= Kotokoraba Market, Cape Coast, Ghana =

Kotokoraba Market, or Kotokuraba Market, is the largest market in Cape Coast, capital of the Central Region of Ghana, which is the tourism hub of Ghana. Cape Coast is known for many reasons, including for its UN World Heritage Site – Cape Coast Castle – and its senior high schools, and is also popular because of its market. Kotokoraba Market is the economic hub of the region, with all major trading stores located around it. Part of the market has a big transport yard from where various buses and cars transport traders and their wares, as well as individuals, to different parts of the country.

The market is bordered to the north-west by Mfantsipim School and the Ghana Broadcasting Corporation hill. On the east is Tantri, a busy transport yard and the major departure point for travellers moving out of the city.

==History==
The market has existed for years, and was a major trading site during the pre-independence era, continuing to grow to is present size. It served as a major point for all trade in the region. Its position made it a hotspot for economic activity, as major activities in the city went on in and around the area. This led to the area quickly filling up with building for stores. Various trading houses brought their businesses close as it brought them closer to buyers. The name of the market, which could mean "crab village", is believed to derive from early settlers who made their living from the abundance of crabs in the bay.

John Evans Atta-Mills made refurbishing the market a major feature of his presidential campaign. As President, he sought financing for the refurbishment from China.

==Fires==
As with many big markets in Ghana, most destruction to the Kotokoraba market is attributable to fire: two major fires have razed parts of the market since 2000. In 2002 fire gutted the market, destroying goods worth thousands of cedis. About 104 stalls and goods including textiles, provisions, toiletries and foodstuffs were completely destroyed. It took a combined team of personnel of the Ghana National Fire Service drawn from Cape Coast, Mankessim, Apam and Takoradi more than two hours to bring the fire under control. The fire started at about 7 pm. On 24 April 2010, fire destroyed several shops and a number of temporary structures at the Kotokoraba Market.

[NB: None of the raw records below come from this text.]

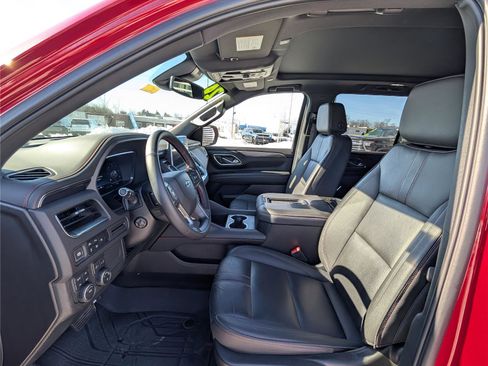 Used 2024 Chevrolet Tahoe RST w/ Luxury Package image 17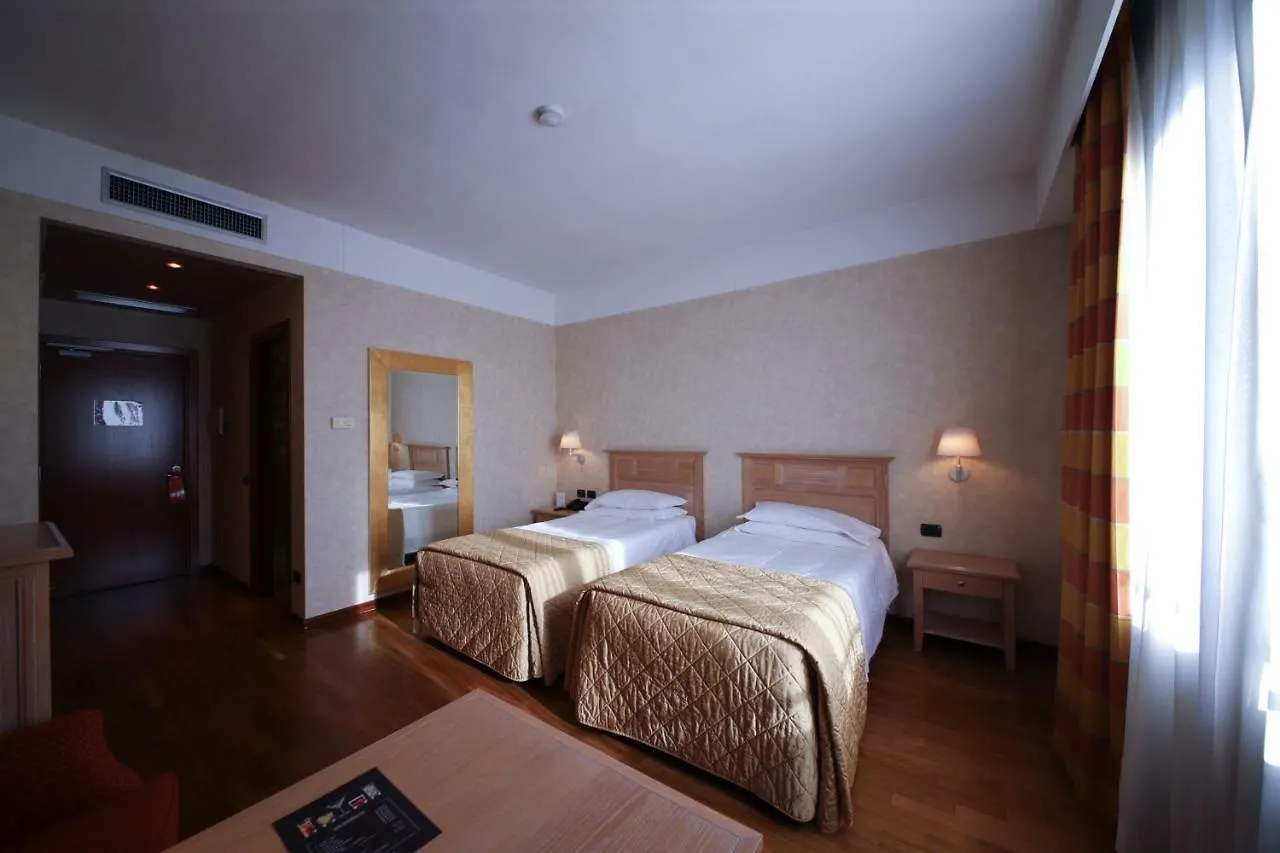 Monica Hotel Fiera Pregnana Milanese
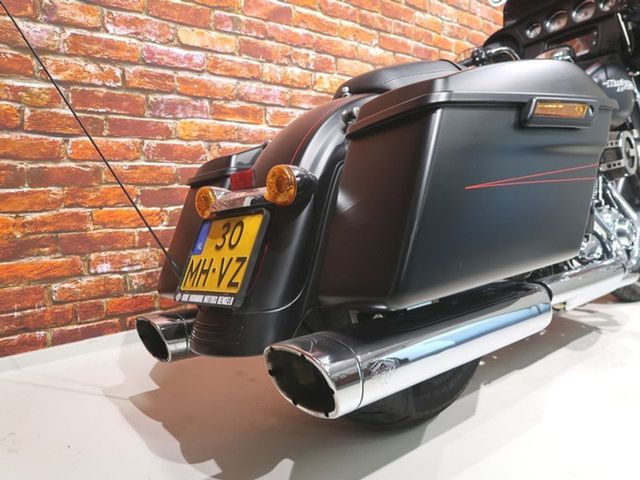 harley-davidson - street-glide-special-flhxs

In both case the central government had to put in funds to rebuild the market, and in some cases paid some money as disaster relief to traders who had lost their wares.

==Sanitation==
As in many big markets in Ghana, waste and its management is a major preoccupation of the authorities in charge. Normally, cleaners start work at dawn when the market is the least busy, sweeping and gathering the previous day's refuse. They also clean the gutters every three months, more often in the rainy season, to prevent them from getting blocked.